Bird of the Falling Planets

In the Haiku of Basho, Issa and Buson, as well as other Japanese monks, there are sometimes passages about death. In fact, on their death-beds, most Haiku monks wrote “Death Poems” and many of them are haunting and beautiful and not at all sad. . .on the contrary. . .more often they are sublime affirmations of life.  The Chinese and Koreans also write death poems.  It is an ancient custom in Japan for literate persons to write a “jisei” on their death beds.

Poetry in Japan goes hand in hand with religious practice.  Haiku poets were almost always monks.  The poems were rooted in nature and emotionally neutral, with the spirituality of Shinto and Buddhist teachings being a thematically unifying element.

After the passing of my father I wrote about 50 Haiku.  They were, in my mind, his death poems.  My father wasn’t much on poetry, though for some reason he could recite The Rhyme of the Ancient Mariner by heart. I think maybe it was a sailor thing.

Many “jisei” are written before ceremonial Seppuku (Japanese ritual suicide).  In fact, Yukio Mishima, the great Japanese writer and playwright, wrote one before committing Seppuku.

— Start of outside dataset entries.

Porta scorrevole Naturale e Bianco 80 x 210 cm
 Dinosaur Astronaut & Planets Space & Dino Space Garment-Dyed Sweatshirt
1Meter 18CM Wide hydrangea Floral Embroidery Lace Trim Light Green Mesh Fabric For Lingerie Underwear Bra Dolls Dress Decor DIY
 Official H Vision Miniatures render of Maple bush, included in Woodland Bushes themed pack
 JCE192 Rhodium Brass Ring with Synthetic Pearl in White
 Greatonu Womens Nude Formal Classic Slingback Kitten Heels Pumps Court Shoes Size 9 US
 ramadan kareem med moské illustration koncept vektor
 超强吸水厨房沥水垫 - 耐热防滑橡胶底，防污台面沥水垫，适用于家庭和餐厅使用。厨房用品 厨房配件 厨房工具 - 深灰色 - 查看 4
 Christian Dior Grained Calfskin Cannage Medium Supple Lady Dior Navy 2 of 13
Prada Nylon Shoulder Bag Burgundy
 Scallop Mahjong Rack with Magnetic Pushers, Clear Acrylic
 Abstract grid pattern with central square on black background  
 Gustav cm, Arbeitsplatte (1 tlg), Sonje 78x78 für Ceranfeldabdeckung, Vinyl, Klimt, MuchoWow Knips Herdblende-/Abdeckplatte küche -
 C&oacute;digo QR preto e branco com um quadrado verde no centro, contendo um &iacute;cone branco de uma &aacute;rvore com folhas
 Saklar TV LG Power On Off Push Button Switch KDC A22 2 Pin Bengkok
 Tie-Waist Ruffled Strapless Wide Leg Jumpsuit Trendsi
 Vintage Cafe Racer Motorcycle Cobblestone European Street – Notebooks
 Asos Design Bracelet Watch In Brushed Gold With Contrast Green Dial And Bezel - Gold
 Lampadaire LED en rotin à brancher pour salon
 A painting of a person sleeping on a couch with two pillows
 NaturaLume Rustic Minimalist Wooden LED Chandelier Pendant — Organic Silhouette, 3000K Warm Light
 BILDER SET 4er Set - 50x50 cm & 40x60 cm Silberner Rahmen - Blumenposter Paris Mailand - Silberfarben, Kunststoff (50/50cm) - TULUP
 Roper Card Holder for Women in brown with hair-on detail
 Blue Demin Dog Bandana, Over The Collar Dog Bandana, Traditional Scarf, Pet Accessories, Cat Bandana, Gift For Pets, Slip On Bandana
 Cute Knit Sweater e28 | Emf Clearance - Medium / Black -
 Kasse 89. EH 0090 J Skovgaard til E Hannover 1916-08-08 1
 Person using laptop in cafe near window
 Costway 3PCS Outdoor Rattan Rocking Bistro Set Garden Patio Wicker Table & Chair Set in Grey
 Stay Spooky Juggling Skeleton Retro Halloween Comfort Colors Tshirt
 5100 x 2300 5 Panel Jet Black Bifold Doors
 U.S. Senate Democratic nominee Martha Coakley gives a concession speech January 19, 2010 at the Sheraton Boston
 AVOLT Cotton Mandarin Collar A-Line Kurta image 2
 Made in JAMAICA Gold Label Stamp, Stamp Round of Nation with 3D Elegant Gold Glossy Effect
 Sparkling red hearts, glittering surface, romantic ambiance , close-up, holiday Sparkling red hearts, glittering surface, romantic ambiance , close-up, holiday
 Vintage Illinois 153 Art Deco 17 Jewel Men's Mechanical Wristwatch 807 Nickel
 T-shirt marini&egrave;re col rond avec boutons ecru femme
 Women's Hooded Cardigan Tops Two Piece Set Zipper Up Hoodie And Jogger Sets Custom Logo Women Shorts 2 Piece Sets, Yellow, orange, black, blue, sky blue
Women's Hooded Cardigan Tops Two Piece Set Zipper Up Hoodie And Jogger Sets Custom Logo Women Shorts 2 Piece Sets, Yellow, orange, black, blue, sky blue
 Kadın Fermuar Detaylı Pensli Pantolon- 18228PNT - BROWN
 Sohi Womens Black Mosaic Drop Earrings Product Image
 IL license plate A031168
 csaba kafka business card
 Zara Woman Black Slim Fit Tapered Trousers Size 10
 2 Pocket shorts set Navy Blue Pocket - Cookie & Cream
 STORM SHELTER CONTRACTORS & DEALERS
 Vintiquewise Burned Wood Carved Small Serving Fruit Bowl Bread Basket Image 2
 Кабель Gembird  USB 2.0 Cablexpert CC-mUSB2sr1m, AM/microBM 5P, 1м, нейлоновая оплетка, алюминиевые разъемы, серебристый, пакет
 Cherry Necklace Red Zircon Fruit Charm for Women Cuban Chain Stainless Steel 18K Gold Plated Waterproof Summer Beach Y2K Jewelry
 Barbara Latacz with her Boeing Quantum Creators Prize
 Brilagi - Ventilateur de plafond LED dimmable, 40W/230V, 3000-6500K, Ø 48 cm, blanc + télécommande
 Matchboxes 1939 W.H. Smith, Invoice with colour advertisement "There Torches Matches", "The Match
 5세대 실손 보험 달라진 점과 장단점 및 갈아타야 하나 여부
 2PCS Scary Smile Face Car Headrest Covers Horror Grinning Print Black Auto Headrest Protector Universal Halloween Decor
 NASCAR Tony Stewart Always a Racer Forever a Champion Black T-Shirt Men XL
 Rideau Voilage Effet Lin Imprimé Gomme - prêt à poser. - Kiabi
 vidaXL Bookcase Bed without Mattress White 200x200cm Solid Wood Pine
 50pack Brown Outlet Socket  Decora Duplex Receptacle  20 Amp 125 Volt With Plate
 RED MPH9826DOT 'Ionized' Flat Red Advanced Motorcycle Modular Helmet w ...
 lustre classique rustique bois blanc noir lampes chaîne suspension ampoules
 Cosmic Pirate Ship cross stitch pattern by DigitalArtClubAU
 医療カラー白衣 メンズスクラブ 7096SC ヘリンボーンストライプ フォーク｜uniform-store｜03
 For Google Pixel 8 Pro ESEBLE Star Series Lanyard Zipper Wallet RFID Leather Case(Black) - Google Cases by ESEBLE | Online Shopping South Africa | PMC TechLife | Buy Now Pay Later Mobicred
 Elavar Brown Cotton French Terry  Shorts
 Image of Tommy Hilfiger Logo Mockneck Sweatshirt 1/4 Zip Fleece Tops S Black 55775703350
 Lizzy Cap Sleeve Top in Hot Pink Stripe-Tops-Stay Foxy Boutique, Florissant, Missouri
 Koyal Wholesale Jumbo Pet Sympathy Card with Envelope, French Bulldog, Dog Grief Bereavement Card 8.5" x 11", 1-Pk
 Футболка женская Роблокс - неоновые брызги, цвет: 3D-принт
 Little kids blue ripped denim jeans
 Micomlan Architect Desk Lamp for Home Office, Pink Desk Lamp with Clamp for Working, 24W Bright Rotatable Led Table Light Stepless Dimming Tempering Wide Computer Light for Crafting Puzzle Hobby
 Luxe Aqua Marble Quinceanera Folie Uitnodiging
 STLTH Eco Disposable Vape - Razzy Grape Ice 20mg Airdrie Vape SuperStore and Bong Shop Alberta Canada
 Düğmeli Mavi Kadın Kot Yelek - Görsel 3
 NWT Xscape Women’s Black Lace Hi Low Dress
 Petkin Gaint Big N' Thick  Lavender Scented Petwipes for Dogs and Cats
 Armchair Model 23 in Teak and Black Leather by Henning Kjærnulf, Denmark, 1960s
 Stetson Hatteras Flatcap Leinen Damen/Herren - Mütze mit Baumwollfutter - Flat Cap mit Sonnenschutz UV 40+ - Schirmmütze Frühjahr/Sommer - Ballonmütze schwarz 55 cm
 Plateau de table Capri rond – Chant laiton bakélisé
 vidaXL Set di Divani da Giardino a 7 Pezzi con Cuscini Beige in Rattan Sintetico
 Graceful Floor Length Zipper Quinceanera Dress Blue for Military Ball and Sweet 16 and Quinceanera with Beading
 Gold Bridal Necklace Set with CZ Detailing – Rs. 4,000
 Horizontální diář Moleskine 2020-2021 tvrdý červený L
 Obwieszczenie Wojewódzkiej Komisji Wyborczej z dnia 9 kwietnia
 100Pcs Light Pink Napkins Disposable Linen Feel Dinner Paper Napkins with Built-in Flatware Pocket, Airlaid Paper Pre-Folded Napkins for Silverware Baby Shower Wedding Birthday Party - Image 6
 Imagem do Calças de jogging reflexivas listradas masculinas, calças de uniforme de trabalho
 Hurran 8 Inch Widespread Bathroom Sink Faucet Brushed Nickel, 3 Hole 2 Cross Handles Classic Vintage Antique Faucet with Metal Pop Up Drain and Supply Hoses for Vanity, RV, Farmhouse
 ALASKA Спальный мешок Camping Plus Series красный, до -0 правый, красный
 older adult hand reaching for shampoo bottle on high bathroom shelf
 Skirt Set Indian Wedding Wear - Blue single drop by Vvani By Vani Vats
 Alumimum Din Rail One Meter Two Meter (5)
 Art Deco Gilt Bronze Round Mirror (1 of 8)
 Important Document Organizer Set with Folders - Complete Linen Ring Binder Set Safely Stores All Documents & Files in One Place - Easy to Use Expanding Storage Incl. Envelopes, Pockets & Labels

I’ve written about 40 death poems, in case at the moment of the “big Adios,” I’m not feeling it.  I didn’t write them out of any morbid notion; just curiosity and the idea of being able to exercise an economy of words and emotions at the wet-ass hour.  I like this one:

Glad Reunion:
Me, Red Birds, White Flowers
And Falling Planets.

I always loved that the Japanese pared down the human experience to the idea that we are part of nature; no bigger in the universe than rocks, birds or flowers.  ‘m not a Buddhist, but of all of the religions (and I adhere to none of them)  they seem the most sane.  This one is funny too:

A bath when you’re born
A bath when you die
How Stupid.
– Unknown

I’m going to Japan in a couple of weeks.  I’m not sure what I am looking for; I just know I need to go there.  I’ve been reading Haiku most of my life.  I know about Edo (What Tokyo used to be called), I know about the gardens and temples, I know Ronin stories and the code of the Samurai, the honor. . . I’ve read the tale of Genji.

I’m 50 years old.  It is time to see an older world.